On Sun, Jun 02, 2019 at 02:42:02PM +0800, Ming Lei wrote:
> Hi Kashyap,
>
> Thanks for your test.
>
> On Sun, Jun 02, 2019 at 03:11:26AM +0530, Kashyap Desai wrote:
> > > SCSI's reply qeueue is very similar with blk-mq's hw queue, both
> > assigned by
> > > IRQ vector, so map te private reply queue into blk-mq's hw queue via
> > > .host_tagset.
> > >
> > > Then the private reply mapping can be removed.
> > >
> > > Another benefit is that the request/irq lost issue may be solved in
> > generic
> > > approach because managed IRQ may be shutdown during CPU hotplug.
> >
> > Ming,
> >
> > I quickly tested this patch series on MegaRaid Aero controller. Without
> > this patch I can get 3.0M IOPS, but once I apply this patch I see only
> > 1.2M IOPS (40% Performance drop)
> > HBA supports 5089 can_queue.
> >
> > <perf top> output without patch -
> >
> > 3.39% [megaraid_sas] [k] complete_cmd_fusion
> > 3.36% [kernel] [k] scsi_queue_rq
> > 3.26% [kernel] [k] entry_SYSCALL_64
> > 2.57% [kernel] [k] syscall_return_via_sysret
> > 1.95% [megaraid_sas] [k] megasas_build_and_issue_cmd_fusion
> > 1.88% [kernel] [k] _raw_spin_lock_irqsave
> > 1.79% [kernel] [k] gup_pmd_range
> > 1.73% [kernel] [k] _raw_spin_lock
> > 1.68% [kernel] [k] __sched_text_start
> > 1.19% [kernel] [k] irq_entries_start
> > 1.13% [kernel] [k] scsi_dec_host_busy
> > 1.08% [kernel] [k] aio_complete
> > 1.07% [kernel] [k] read_tsc
> > 1.01% [kernel] [k] blk_mq_get_request
> > 0.93% [kernel] [k] __update_load_avg_cfs_rq
> > 0.92% [kernel] [k] aio_read_events
> > 0.91% [kernel] [k] lookup_ioctx
> > 0.91% fio [.] fio_gettime
> > 0.87% [kernel] [k] set_next_entity
> > 0.87% [megaraid_sas] [k] megasas_build_ldio_fusion
> >
> > <perf top> output with patch -
> >
> > 11.30% [kernel] [k] native_queued_spin_lock_slowpath
>
> I guess there must be one global lock required in megaraid submission path,
> could you run 'perf record -g -a' to see which lock is and what the stack
> trace is?
Meantime please try the following patch and see if difference can be made.

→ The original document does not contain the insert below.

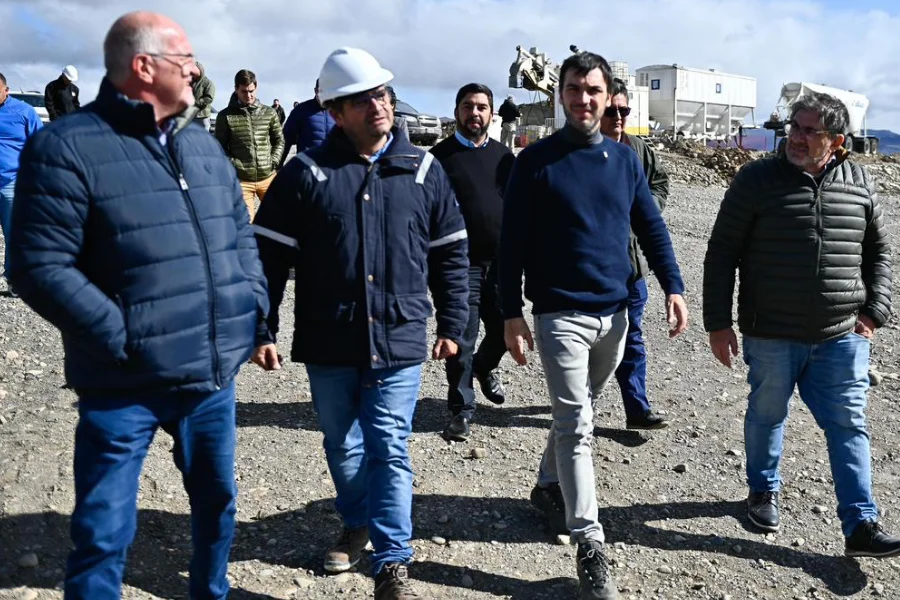 avanza la Presa Nacimiento Río Senguer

diff --git a/block/blk-mq.c b/block/blk-mq.c
index 49d73d979cb3..d2abec3b0f60 100644
--- a/block/blk-mq.c
+++ b/block/blk-mq.c
@@ -589,7 +589,7 @@ static void __blk_mq_complete_request(struct request *rq)

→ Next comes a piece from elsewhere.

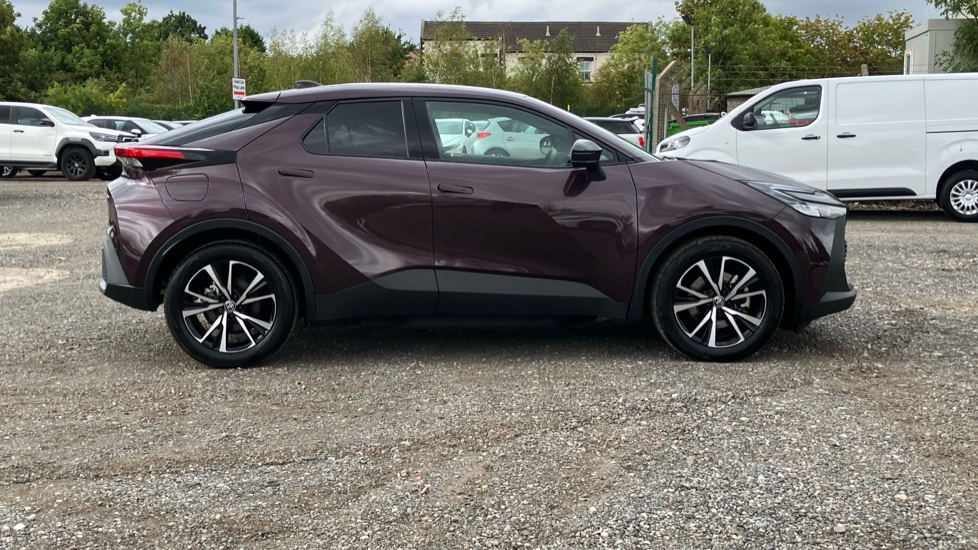 Toyota C-HR 2.0 PHEV Design 5dr CVT Hatchback - Image 23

* So complete IO reqeust in softirq context in case of single queue
* for not degrading IO performance by irqsoff latency.
*/
- if (q->nr_hw_queues == 1) {
+ if (q->nr_hw_queues == 1 || (rq->mq_hctx->flags & BLK_MQ_F_HOST_TAGS)) {
__blk_complete_request(rq);
return;
}
@@ -1977,7 +1977,8 @@ static blk_qc_t blk_mq_make_request(struct request_queue
*q, struct bio *bio)
/* bypass scheduler for flush rq */
blk_insert_flush(rq);
blk_mq_run_hw_queue(data.hctx, true);
- } else if (plug && (q->nr_hw_queues == 1 || q->mq_ops->commit_rqs)) {
+ } else if (plug && (q->nr_hw_queues == 1 || q->mq_ops->commit_rqs ||
+ (data.hctx->flags & BLK_MQ_F_HOST_TAGS))) {
/*
* Use plugging if we have a ->commit_rqs() hook as well, as
* we know the driver uses bd->last in a smart fashion.
thanks,
Ming